Asymptotic MK Test

MKado implements the asymptotic MK test from Messer & Petrov (2013), which corrects for the bias caused by slightly deleterious mutations that inflate polymorphism counts.

Background

The standard MK test assumes that all non-synonymous polymorphisms are either neutral or adaptive.
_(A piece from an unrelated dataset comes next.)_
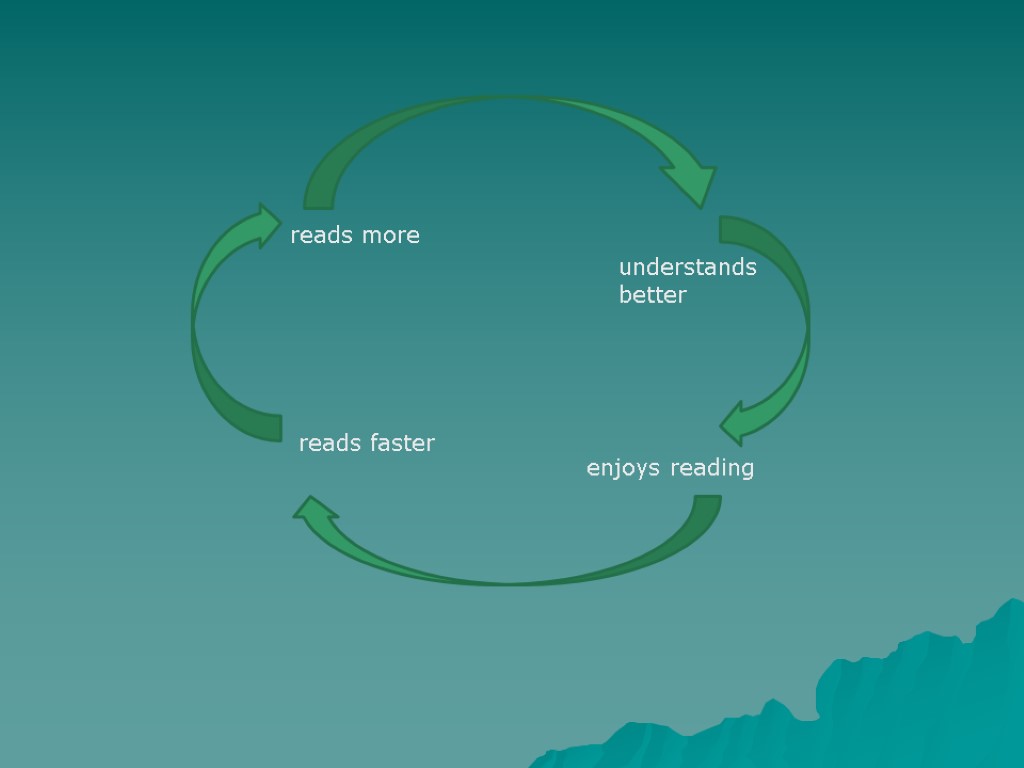 understands better enjoys reading reads more reads faster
In reality, many non-synonymous polymorphisms are weakly deleterious — harmful enough to eventually be removed by selection but not so harmful that they’re immediately eliminated.
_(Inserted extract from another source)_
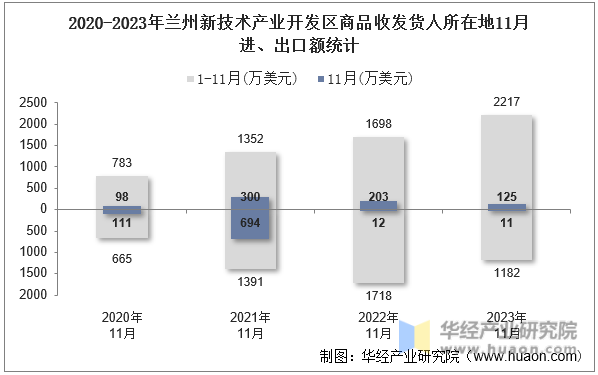 2020-2023年兰州新技术产业开发区商品收发货人所在地11月进、出口额统计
These weakly deleterious mutations:

Contribute to Pn (non-synonymous polymorphism)
Rarely reach fixation, so they don’t contribute to Dn
Inflate the Pn/Dn ratio
Cause alpha to be underestimated (often yielding negative values)
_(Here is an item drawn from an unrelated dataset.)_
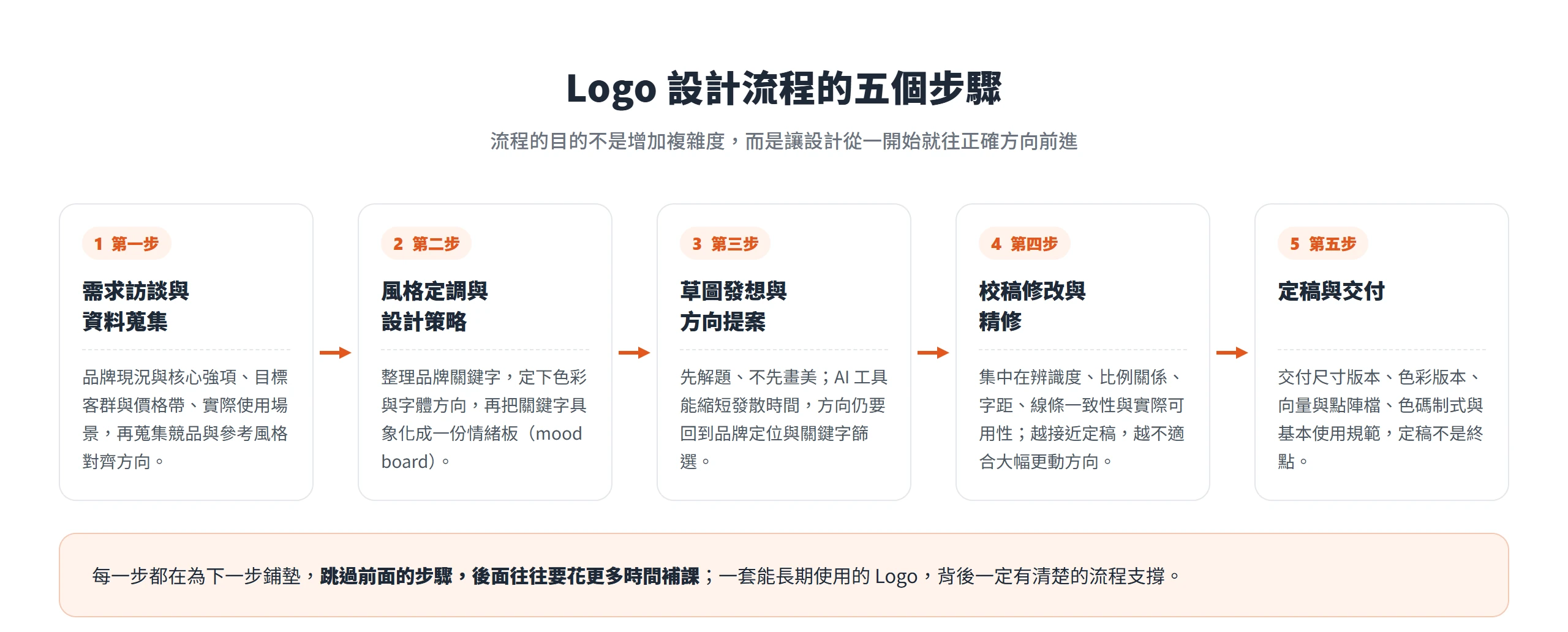 Logo設計流程的五個步驟,從需求訪談、風格定調、草圖發想、校稿精修到定稿交付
The asymptotic MK test addresses this bias by examining how alpha varies with derived allele frequency and extrapolating to high frequencies where deleterious variants have been purged.

The Key Insight

Weakly deleterious mutations have a characteristic frequency signature:

Common at low frequencies: Selection hasn’t had time to remove them
Rare at high frequencies: Selection has purged most of them

By calculating alpha separately at different frequency classes, we can observe this pattern and extrapolate to what alpha would be if all deleterious polymorphisms were removed.

The α(x) Formula

At each derived allele frequency bin x, alpha is calculated as:

\[\alpha(x) = 1 - \frac{D_s}{D_n} \times \frac{P_n(x)}{P_s(x)}\]

Where:

D_n, D_s = total nonsynonymous and synonymous divergence
P_n(x), P_s(x) = nonsynonymous and synonymous polymorphisms in frequency bin x

As x approaches 1.0, deleterious polymorphisms are increasingly purged, and α(x) converges to the true proportion of adaptive substitutions.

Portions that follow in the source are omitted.